Une annonce devrait intervenir, je l’espère, début 2017, si elle ne suffira pas à améliorer la situation à court et moyen terme, elle offrira cependant une vraie perspective. N’oublions pas cependant que la mise en service effective de la nouvelle ligne électrifiée n’interviendra pas, dans le meilleur des cas, avant l’horizon 2026.
Que faire entre temps ?
Il faut renforcer, le plus rapidement possible, un parc roulant trop limité et obsolète, avec un matériel résistant enfin, aux chutes des feuilles d’automne, au gel de l’hiver ou aux chaleurs de l’été (vive le printemps) et la mise en place d’une maintenance plus efficace et réactive, digne de notre temps et ne reposant plus sur une logique industrielle des années 1950 / 1960.
Autre piste d’action, à l’étude notamment sur les lignes de Chateau Thierry, dénicher quelques nouveaux sillons permettant de nouvelles liaisons, encore faut il que les gares de ce segment de ligne puissent accueillir les nouveaux trains, nous en sommes encore loin, ce qui constitue un véritable scandale et à causer l’an dernier à la même période la multiplication de trains courts alors que les nouvelles rames flambantes neuves étaient stockées sans servir !

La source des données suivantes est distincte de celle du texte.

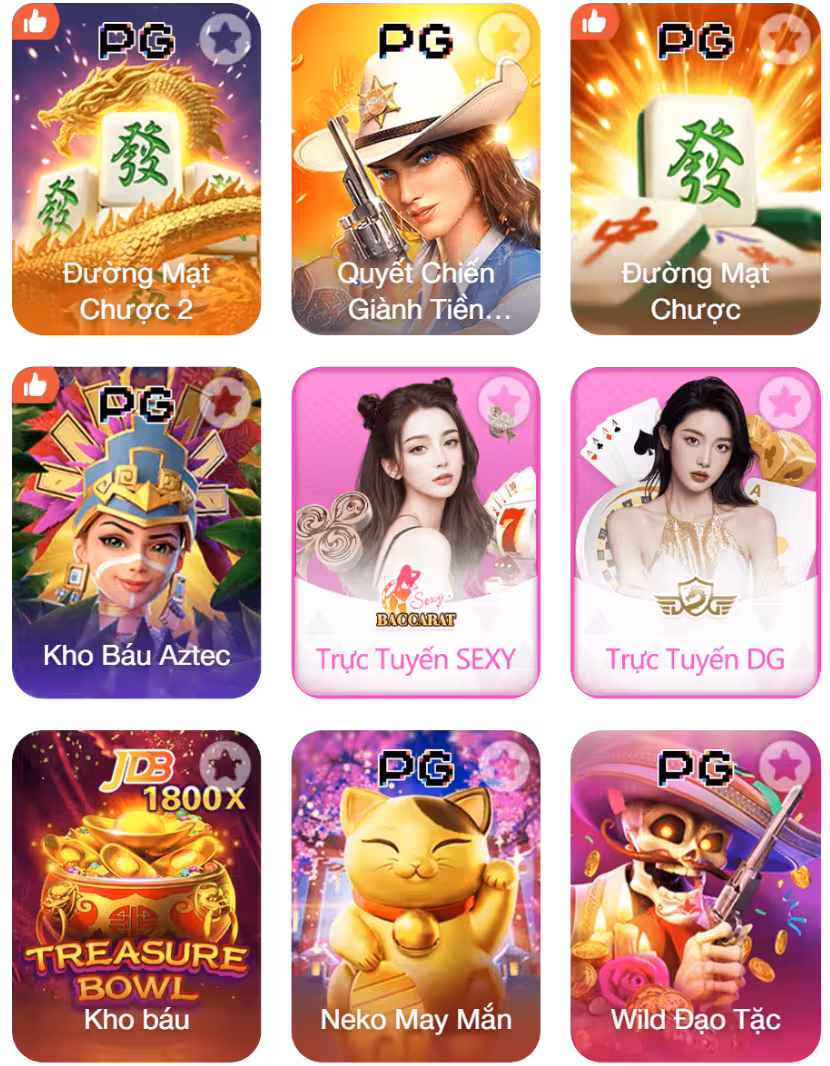 Các trò chơi hot tại 88XX02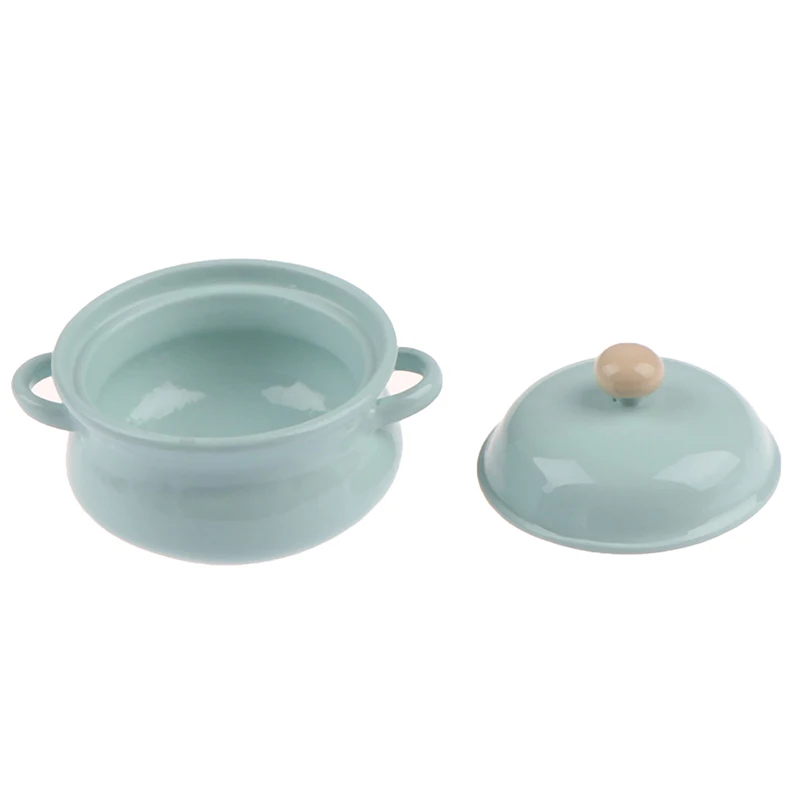 1Pcs 1/12 Dollhouse Miniature Soup Pot Kitchenware Model Toys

Dans le même temps nous devons agir sur les gares. L’épine dorsale des transports péri urbains est constituée du « backbone » formé par le réseau ferré et les nœuds de communication que sont les gares, chacune placée au cœur d’un véritable écosystème local de mobilités, par nature multimodal, puisqu’il mêle bus, Transport A la Demande (TAD), voitures particulières, vélos ou piétons …
Il est essentiel de réaliser les aménagements leur permettant toutes, de devenir non seulement accessibles, mais en capacité d’être desservis par le même type de matériel roulant. Il faut egalement adapter chacune à l’augmentation croissante d’usagers, ce que semblent sous estimer la SNCF, notamment au niveau de l’aménagement et de l’élargissement des quais ou du traitement des flux physoques d’usagers.

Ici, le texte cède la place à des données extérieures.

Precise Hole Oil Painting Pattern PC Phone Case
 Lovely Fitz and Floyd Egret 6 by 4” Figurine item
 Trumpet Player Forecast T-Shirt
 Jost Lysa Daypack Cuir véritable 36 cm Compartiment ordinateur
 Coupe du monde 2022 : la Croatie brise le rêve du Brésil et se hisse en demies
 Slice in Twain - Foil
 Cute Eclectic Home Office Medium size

Ensuite c’est tout un maillage de connection entre gare et bassin de vie qu’il faut implanter, afin de permettre la desserte avec les territoires à partir de la gare, par des liaisons régulières et pendulaires de bus ou d’autres types de mobilités, dont notamment le TAD afin de proposer une alternative réelle à la voiture individuelle, passage obligé pour des milliers d’usagers, dont beaucoup vivent dans des communes non desservies par des lignes régulières.

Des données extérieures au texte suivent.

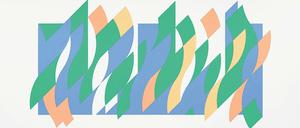 „Arcadia 1“ heißt die Wandmalerei, die 2007 entstand und für die Ausstellung noch einmal rekonstruiert wurde.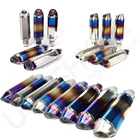 термоскотч универсальный глушитель выхлопной трубы мотоцикла Escape Slip On Pipe Fit мотоцикл Скутер ATV Dirt Bike Мопед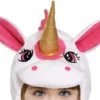 Costume da unicorno arcobaleno rosa baby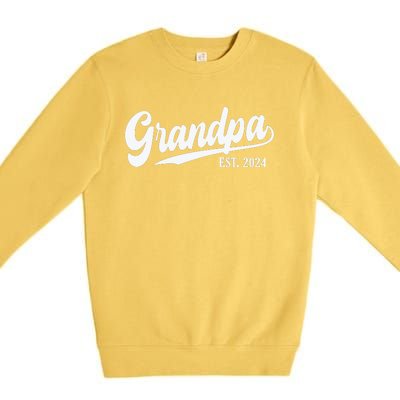 Grandpa Est 2024 Premium Crewneck Sweatshirt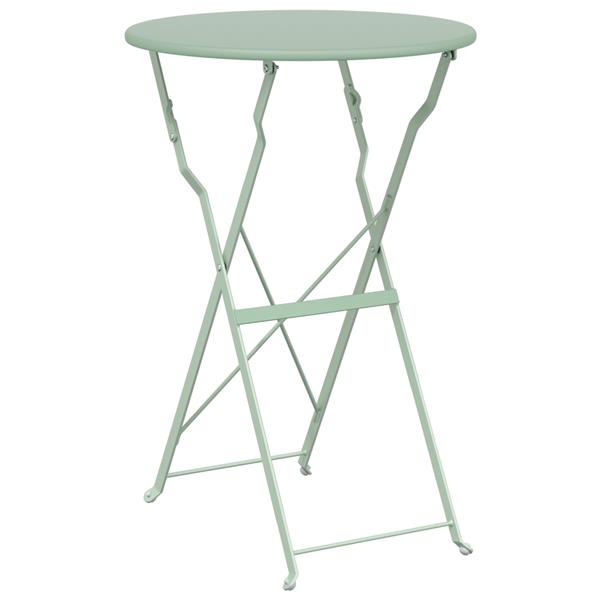 Grote foto vidaxl opvouwbare tuin tafel lichtgroen 50x71 cm staal tuin en terras tuinmeubelen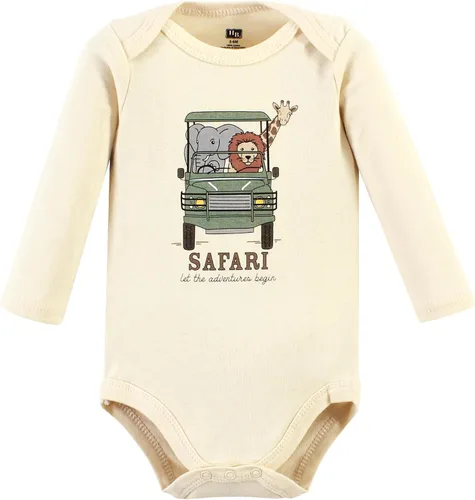Miniatura 160 de Hudson Baby Body unisex de algodón de manga larga para bebé, leopardo rosa rojo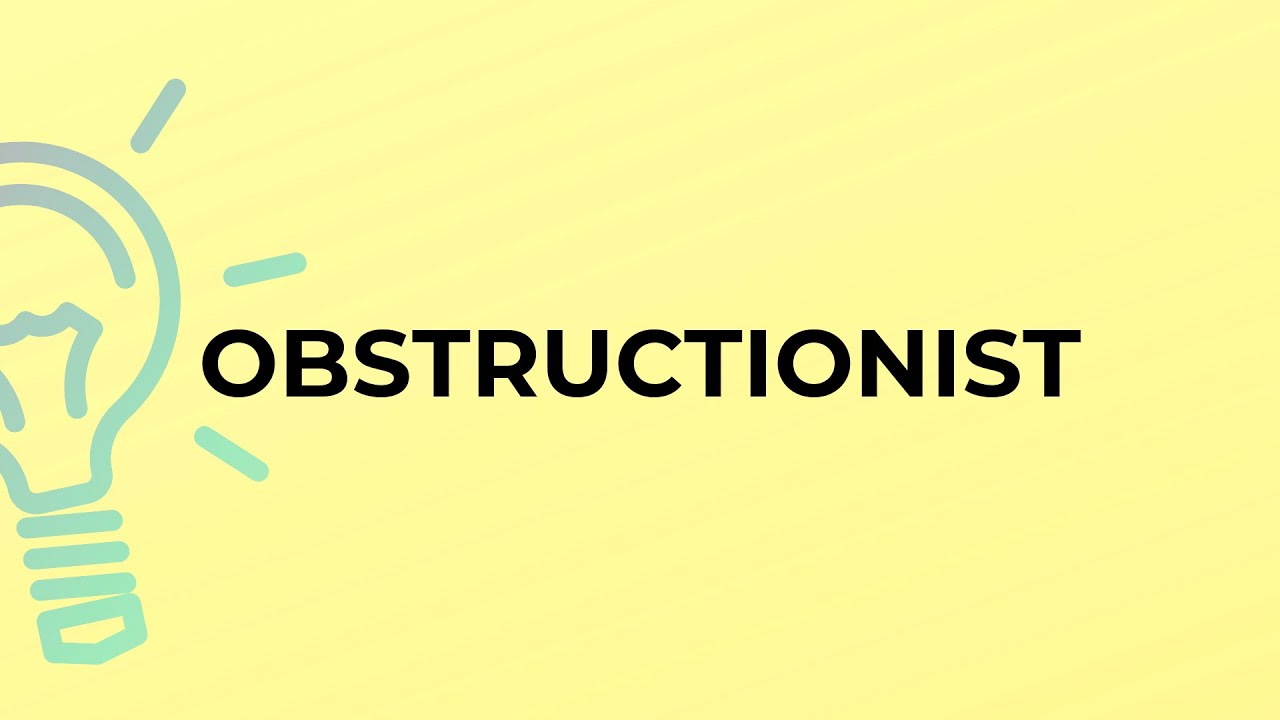 What is the meaning of the word OBSTRUCTIONIST?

Ce qui occasionne un report modal considérable de voitures vers les villes dotées d’une gare et un lot de contraintes cumulatives que ces communes ont le plus grand mal à assumer seules.
Le stationnement est une composante à part entière de la chaine des mobilités, et il semble pertinent de définir un nouveau type de gouvernance, non plus basée sur une logique de site, à chacun son problème, mais de ligne. Les Maires des « villes à gare » se retrouvent trop souvent isolés face à des problématiques quasi insolubles (stationnement, sécurisation, entretien ou maintenance…) et finacièrement lourdes à gérer, tant en services qu’en aménagement, pourtant les voitures qui stationnent sont liées aux gares comme la marée à la plage …
Il est important également d’intervenir auprès des départements et régions limitrophes dont les habitants sont aussi des usagers de nos lignes. Il était remarquable sur ce point lors de la réunion organisée par AOUT leur témoignage. Il n’apparait pas absurde de les faire participer sinon au financement des infrastructures et services qui bénéficient à leurs habitants, du moins à la connection entre les réseaux de transports successifs afin de la faciliter.
Voilà pour l’urgence, il semble utile d’explorer dans le même temps, les pistes menant au développement de nouveaux concepts de mobilités et d’accompagner les tendances societales emergentes pouvant influer et limiter les pics de fréquentation lors des heures de pointe
La réponse doit être effectivement globale et systémique et non se limiter à une promesse qui certes apportera une réelle perspectives mais qui ne prendra de sens qu’aprés 2026.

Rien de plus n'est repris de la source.